Not only that, but all things also smacks of the more personal aspects of Mulder's and Scully's cases littering Season 6. The episodes following Fight the Future address the irreparable bond of their partnership, from The Beginning to Field Trip; but, more importantly, Season 6 wove Fate-- others' and their own-- into each case: those who were doomed to its inevitability and those who accepted its inevitability in order to change it. Monday's Pam is the prime example of inevitable Fate, but Drive's doomed Crumps and Triangle's lost crew members and Dreamland's disrupted men-in-black and How the Ghosts Stole Christmas's cursed ghosts and S.R. 819's controlled Skinner and One Son's burnt conspirators and Agua Mala's isolated Dales and Arcadia's terrified neighborhood and Alpha's lupus-ed Berquist and Trevor's superpowered Rawls and Milagro's heartless Padgett and etc. all fill the spectrum between Pam's helpless victimization and Fellig's self-victimization. Mulder and Scully were directly affected by these victims: Tithonus was to Scully what Monday was to Mulder; and The Unnatural through Amor Fati was to him what Amor Fati through all things was to her.

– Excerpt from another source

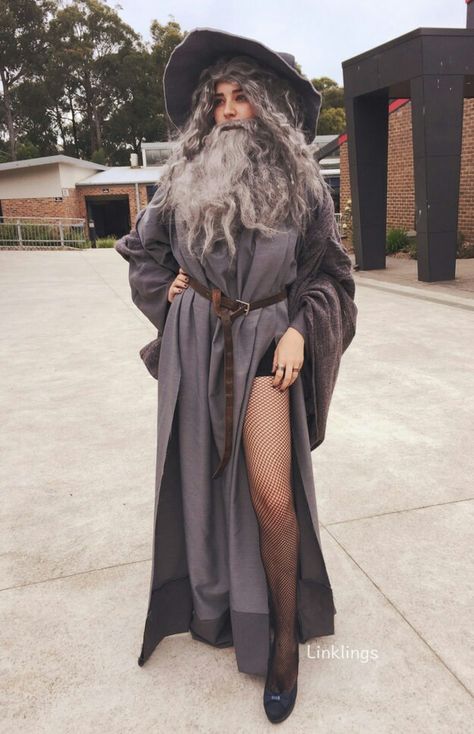 Sexy gandalf costume inspiration.... I laughed SO flipping hard at this! Too funny. Gandalf Costume, Halloween Costumes Pop Culture, Hermanas Sanderson, Wizard Costume, Clever Halloween, Clever Halloween Costumes, Diy Kostüm, Unique Halloween Costumes, Scary Halloween Costumes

We know that Fate has its fatal way with Mulder and Scully's life. Mulder often states (during moods of higher inclination) that their quest is fated, and Scully often saves herself or her partner from various impossible situations. (If one subscribes to The Field Where I Died, she also releases them from a reincarnation cycle-- post here.)
all things itself draws a fated comparison between Scully's choices and Mulder's presence, even in absentia. He is the choice she must make; or lose him, and herself, forever in the annals of some forgotten record book in some secluded library remembered sparsely every few decades. And Scully is deeply afraid of losing herself (to Mulder's quest or through her own choices), at first incorrectly hiding from that fear in Daniel's comfort and their rose-colored past.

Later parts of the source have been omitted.